Here are the key files and directories you’ll be working with in a dbt project:
- yml: Located in the ~/.dbt/ or %USERPROFILE%\.dbt\ directory, this file contains your database connection settings. It allows you to set up multiple profiles for different projects or environments
- models: This directory contains your data models or SQL transformation files. Each file represents a single transformation, such as creating tables, views, or materialized views.
- macros: Macros are reusable pieces of SQL code that can referenced in your models. You can store generic tests here or in tests/generics folders.
- snapshots: The snapshots directory which contains snapshot files that define how to capture the state of specific tables in your database over time.
- tests: directory in which you can store test SQL files for your data models. These tests help ensure data quality and consistency.
- seeds: Seeds are essentially CSV or TSV files containing raw data. dbt loads these static data files into tables in your specified schema. Seeds can contain sample data used for testing your dbt models or other data processing logic.
- analyses: The analysis directory contains ad-hoc SQL files for exploring data and performing data analysis.
- target: Directory automatically created by dbt when you run the dbt run command. It contains the compiled and executed SQL code from your models. It is useful when debugging the pipeline.
By understanding the key files and directories in your dbt project, you can effectively organize, manage, and scale your data transformation processes while ensuring data quality in your project.
Overview of dbt’s testing framework
Dbt’s testing framework is designed to ensure data quality and consistency by validating the data within your models. It provides built-in tests, as well as the ability to create custom tests tailored to your specific data requirements. The testing framework is an essential component of any dbt project as it promotes trust in your data and helps identify issues early in the development process.
dbt’s testing framework includes the following components:
Generic Tests:
These are predefined tests that validate the structure of your data. Initially, there are four of them but you can create and add more.
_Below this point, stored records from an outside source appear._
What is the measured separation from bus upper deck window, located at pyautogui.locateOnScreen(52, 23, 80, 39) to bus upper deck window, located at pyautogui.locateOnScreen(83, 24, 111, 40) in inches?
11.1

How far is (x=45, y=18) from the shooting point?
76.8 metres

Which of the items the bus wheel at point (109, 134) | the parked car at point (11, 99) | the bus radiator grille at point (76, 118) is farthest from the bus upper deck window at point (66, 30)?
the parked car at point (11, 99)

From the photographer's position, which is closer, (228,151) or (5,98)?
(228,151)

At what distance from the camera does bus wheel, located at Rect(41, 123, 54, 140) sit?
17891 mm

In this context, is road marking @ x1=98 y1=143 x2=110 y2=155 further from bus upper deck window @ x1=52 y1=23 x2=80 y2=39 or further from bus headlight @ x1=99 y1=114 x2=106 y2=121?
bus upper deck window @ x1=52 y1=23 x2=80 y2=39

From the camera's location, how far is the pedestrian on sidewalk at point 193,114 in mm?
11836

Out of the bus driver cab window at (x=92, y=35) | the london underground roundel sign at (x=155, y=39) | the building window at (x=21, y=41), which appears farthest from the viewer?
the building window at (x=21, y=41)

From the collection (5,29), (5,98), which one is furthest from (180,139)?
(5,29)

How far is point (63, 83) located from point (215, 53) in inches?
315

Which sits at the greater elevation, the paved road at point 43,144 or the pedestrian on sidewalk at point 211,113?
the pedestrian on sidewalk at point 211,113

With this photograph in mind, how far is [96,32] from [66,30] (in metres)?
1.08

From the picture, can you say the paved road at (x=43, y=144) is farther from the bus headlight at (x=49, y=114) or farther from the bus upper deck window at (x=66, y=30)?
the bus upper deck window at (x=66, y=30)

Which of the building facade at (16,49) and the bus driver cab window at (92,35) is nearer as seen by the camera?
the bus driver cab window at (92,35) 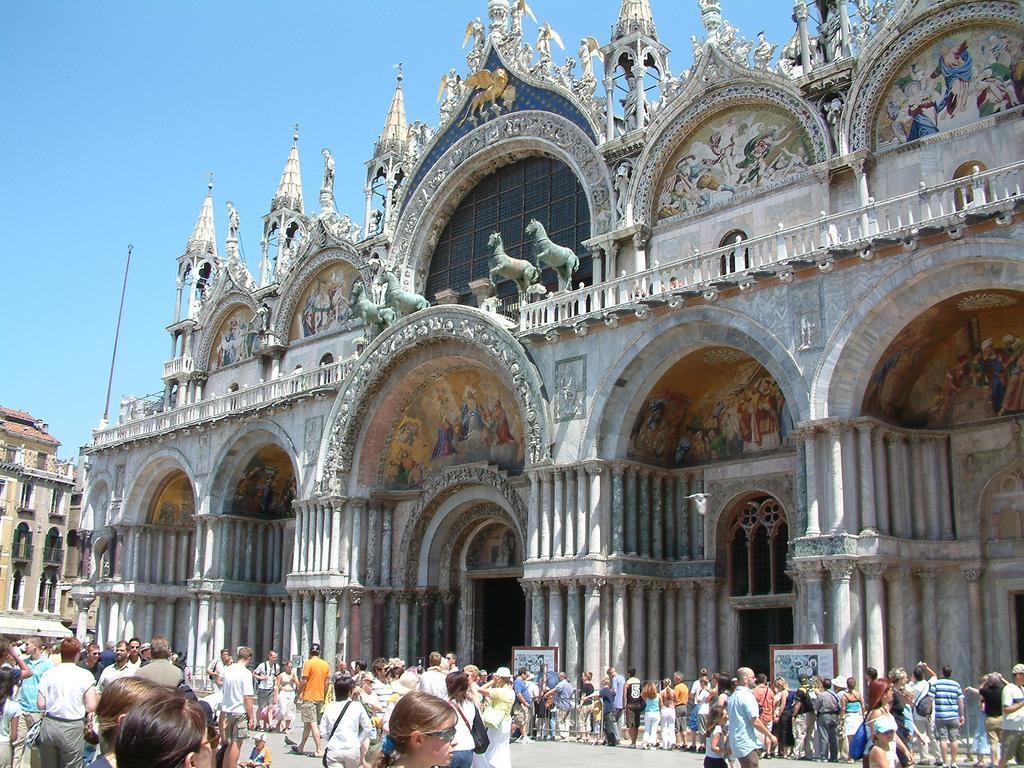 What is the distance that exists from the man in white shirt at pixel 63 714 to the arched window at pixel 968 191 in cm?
1419

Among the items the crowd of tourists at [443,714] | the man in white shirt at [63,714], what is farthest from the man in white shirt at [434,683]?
the man in white shirt at [63,714]

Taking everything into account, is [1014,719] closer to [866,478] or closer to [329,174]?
[866,478]

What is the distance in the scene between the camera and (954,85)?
20.8m

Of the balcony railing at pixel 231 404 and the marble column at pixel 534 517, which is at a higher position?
the balcony railing at pixel 231 404

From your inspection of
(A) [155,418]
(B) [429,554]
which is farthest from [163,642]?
(A) [155,418]

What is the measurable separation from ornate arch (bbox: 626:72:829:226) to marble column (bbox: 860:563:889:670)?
8.47m

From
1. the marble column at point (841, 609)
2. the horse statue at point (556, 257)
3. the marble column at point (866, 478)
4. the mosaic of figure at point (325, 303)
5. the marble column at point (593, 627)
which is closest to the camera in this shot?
the marble column at point (841, 609)

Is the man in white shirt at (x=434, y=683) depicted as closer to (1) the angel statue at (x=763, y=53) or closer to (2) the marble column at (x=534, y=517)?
(2) the marble column at (x=534, y=517)

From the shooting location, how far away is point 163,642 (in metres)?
10.8

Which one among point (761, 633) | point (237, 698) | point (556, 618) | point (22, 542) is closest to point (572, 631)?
point (556, 618)

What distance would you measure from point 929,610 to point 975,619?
71 centimetres

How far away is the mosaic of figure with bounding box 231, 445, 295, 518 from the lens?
3222 centimetres

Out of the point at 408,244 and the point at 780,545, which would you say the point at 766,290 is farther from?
the point at 408,244

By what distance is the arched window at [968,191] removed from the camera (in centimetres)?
1747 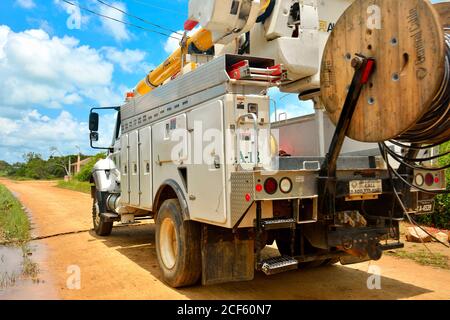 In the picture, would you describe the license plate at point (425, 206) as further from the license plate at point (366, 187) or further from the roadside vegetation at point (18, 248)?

The initial four are:
- unique: Ensures that a specified column has unique values.
- not_null: Checks that a specified column does not contain null values.
- accepted_values: Validates that a column contains only specified values.
- relationships: Ensures that foreign key relationships between tables are consistent.
You can configure generic tests in the schema.yml file which is associated with your models.
Custom Data Tests:
Custom data tests allow you to define your own SQL queries to test specific data requirements not covered by generic tests. These tests are written in individual SQL files and stored in the tests directory of your dbt project. When creating custom data tests, ensure the SQL query returns zero rows for a successful test or one or more rows for a failed test.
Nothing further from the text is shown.